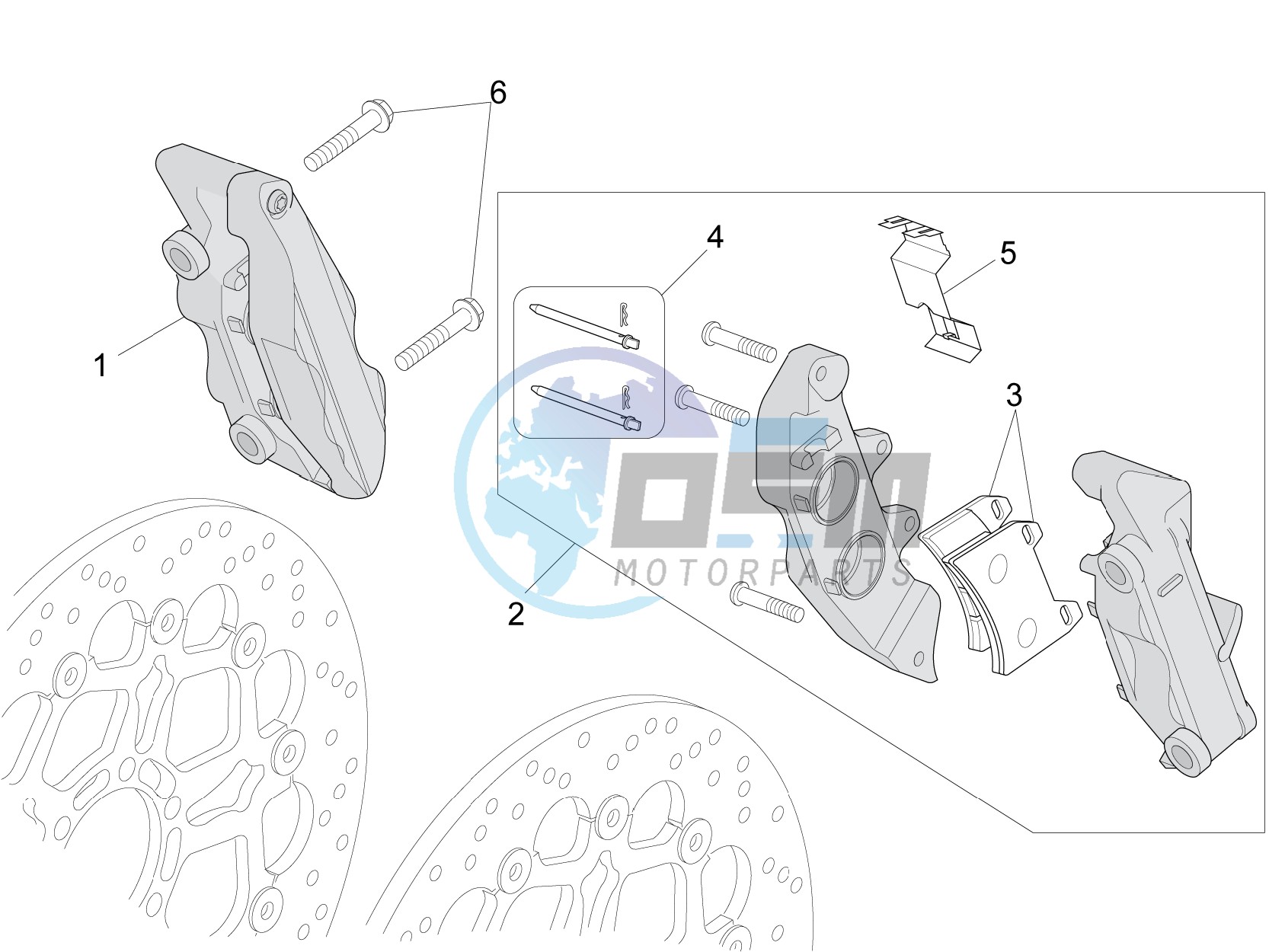 Front brake caliper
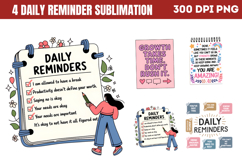 Daily Reminder Sublimation Bundle PNG Product Image 3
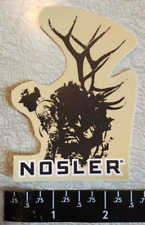 Nosler Hunter Buck Deer Rifle Factor Partition Bullet Co. Vinyl Decal Sticker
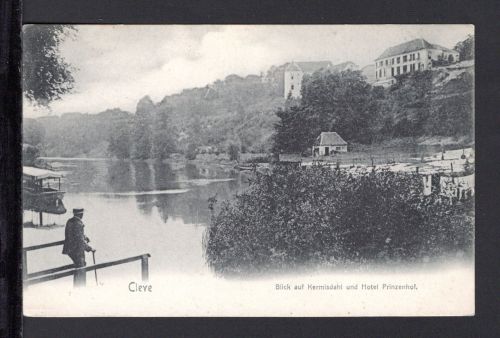 AK Cleve (Kleve) NRW um 1910 Blick auf Kermisdahl und Hotel Prinzenhof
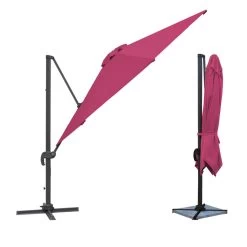 Happy Garden Schaduwzeilen MOLOKAI - Roze - Aluminium -Buitenparasols Winkel 1000094890 0102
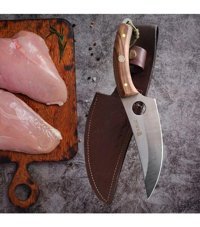 Sürlaz 32.5 cm Ahşap - Çelik Et Bıçağı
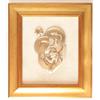 Generico REGALO MATRIMONIO E ANNIVERSARIO DI MATRIMONIO QUADRO SACRA FAMIGLIA ARGENTO 21x15cm FEDI ARGENTO 4x4cm CORNICE LEGNO DORATA CON FOGLIA ORO 45x39x3cm -> TUO IN 24/48 h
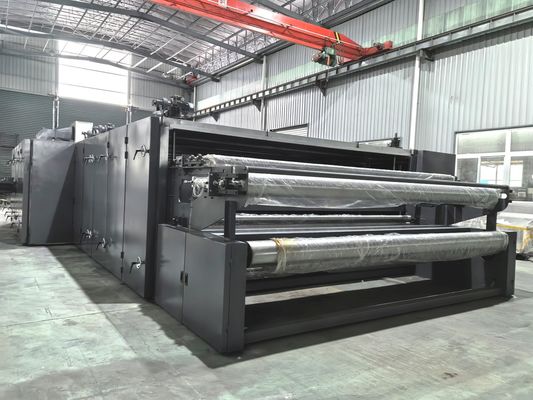 Multiple hot air circulation thermal bonding oven with low power consumtion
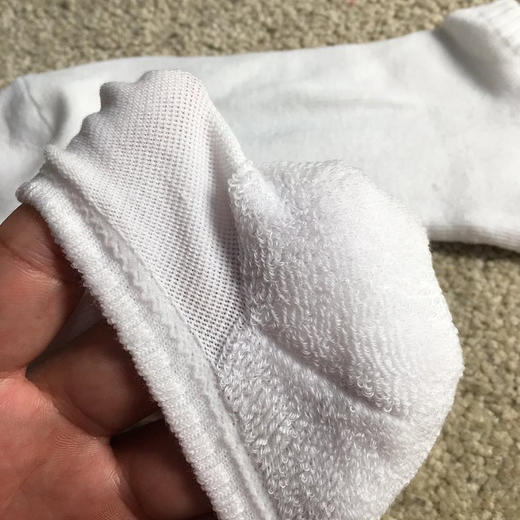 Calvin Klein/CK 低帮毛巾底男袜一卡5双 商品图4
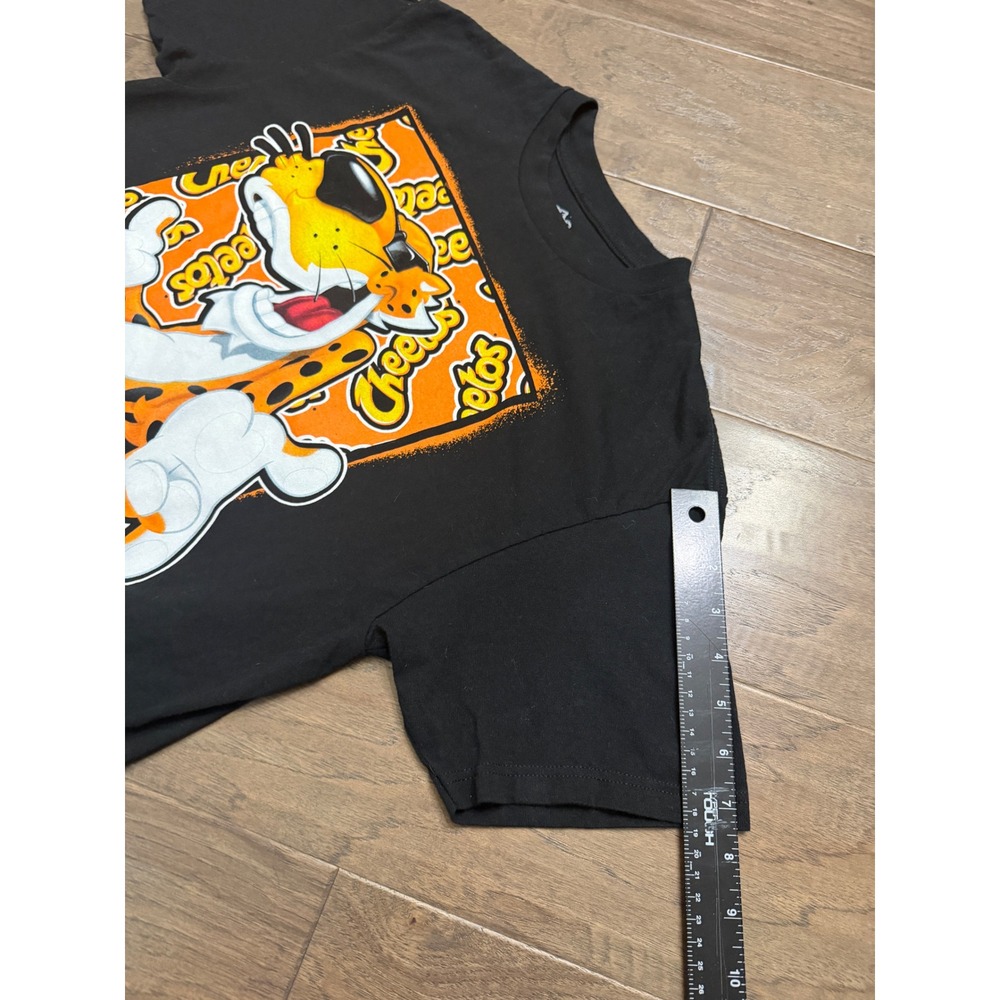 Cheetos T-Shirt Mens Medium Black Cotton Chester Cheetah Graphic Tee Regular Fit - Picture 5 of 5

******

• **PROBLEM DESCRIPTION**
With the pictures removed, set down every line of the listing above exactly.

• **ANSWER SECTION**
 Front brake caliper
 Daily Reminder Sublimation Bundle PNG Product Image 3
 Nosler Hunter Buck Deer Rifle Factor Partition Bullet Co. Vinyl Decal Sticker
 AK Cleve (Kleve) NRW um 1910 Blick auf Kermisdahl und Hotel Prinzenhof
 Happy Garden Schaduwzeilen MOLOKAI - Roze - Aluminium -Buitenparasols Winkel 1000094890 0102
 Sürlaz 32.5 cm Ahşap - Çelik Et Bıçağı
 Generico REGALO MATRIMONIO E ANNIVERSARIO DI MATRIMONIO QUADRO SACRA FAMIGLIA ARGENTO 21x15cm FEDI ARGENTO 4x4cm CORNICE LEGNO DORATA CON FOGLIA ORO 45x39x3cm -> TUO IN 24/48 h
 Multiple hot air circulation thermal bonding oven with low power consumtion
 Calvin Klein/CK 低帮毛巾底男袜一卡5双 商品图4
 Cheetos T-Shirt Mens Medium Black Cotton Chester Cheetah Graphic Tee Regular Fit - Picture 5 of 5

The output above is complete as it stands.